Provided data:
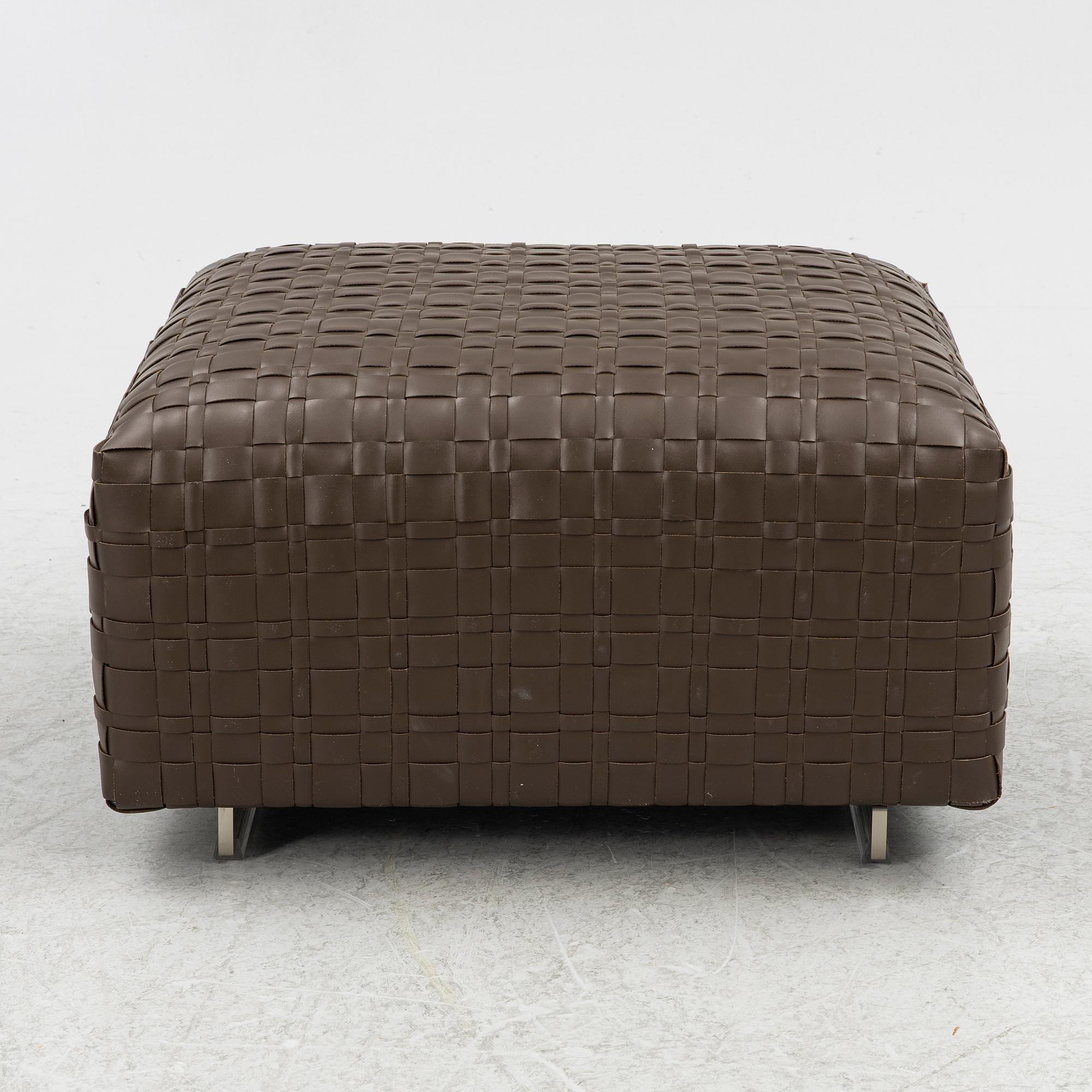 Centro Studi, a 'Bangkok Ottoman' Flexform, 21st century.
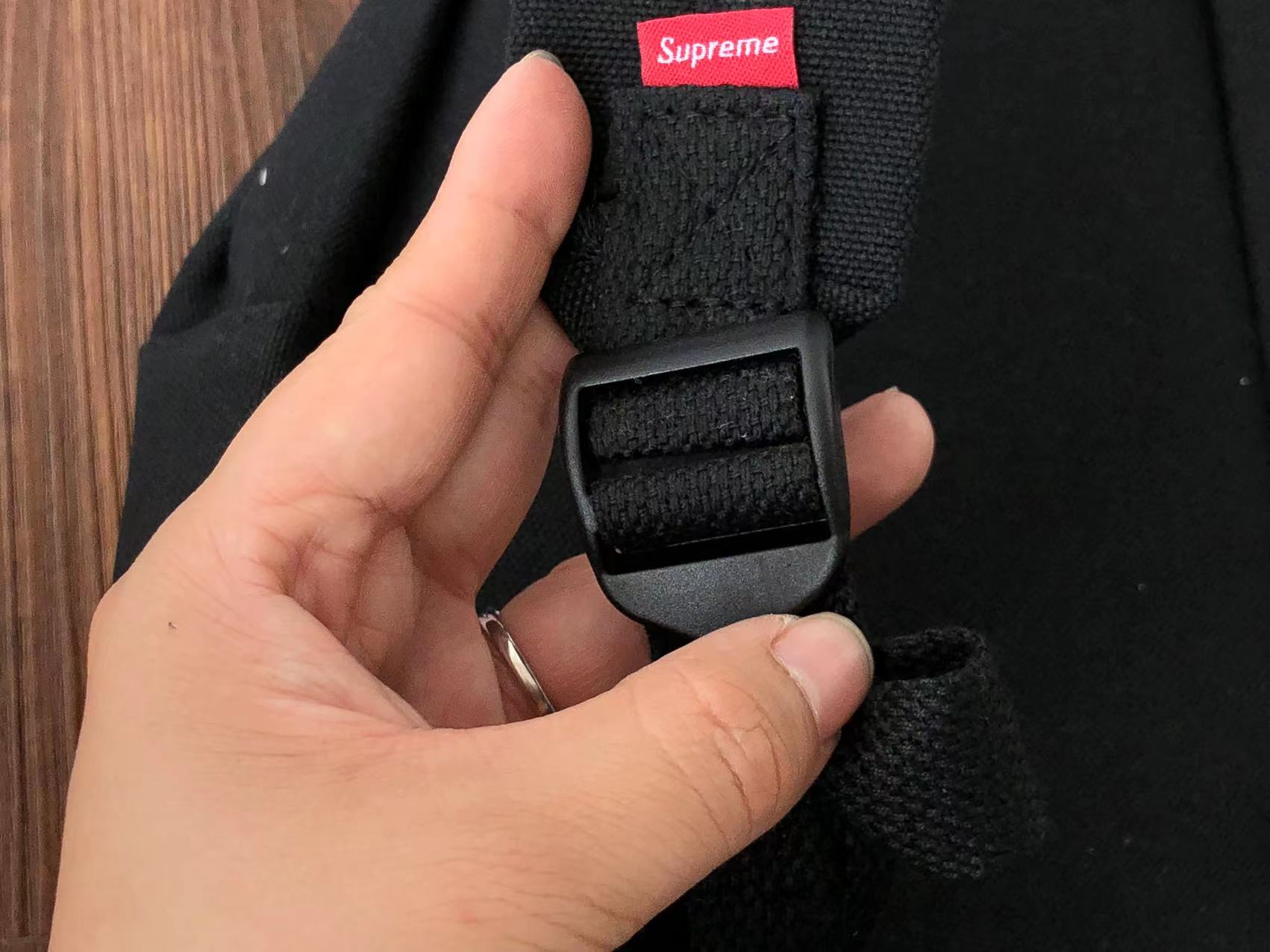 Supreme Canvas Backpack: Elegance and Style in a Fashion Icon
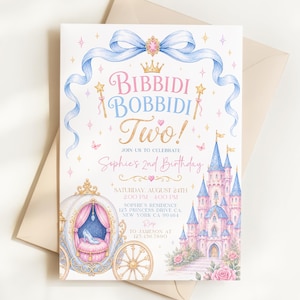 Puede incluir: Una tarjeta de invitación rectangular con un lazo azul, una corona dorada y varitas en la parte superior. El texto dice Bibbidi Bobbidi Two! Join us to celebrate Sophie's 2nd Birthday. Incluye un carruaje con un zapato de cristal y un castillo.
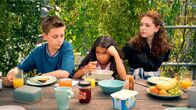 Die Pfefferkörner – Moritz (Jan Friedrichsen) und Leo (Charlotte Farhadi, rechts) versuchen, Amy (Melody Rose) nach dem Diebstahl ihrer Hörgeräte aufzumuntern.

Your instructions: Starting at the line that contains "Puede incluir: Una", retype each line through the end of the data exactly, and leave out every picture.

Response area:
 Puede incluir: Una tarjeta de invitación rectangular con un lazo azul, una corona dorada y varitas en la parte superior. El texto dice Bibbidi Bobbidi Two! Join us to celebrate Sophie's 2nd Birthday. Incluye un carruaje con un zapato de cristal y un castillo.
 Die Pfefferkörner – Moritz (Jan Friedrichsen) und Leo (Charlotte Farhadi, rechts) versuchen, Amy (Melody Rose) nach dem Diebstahl ihrer Hörgeräte aufzumuntern.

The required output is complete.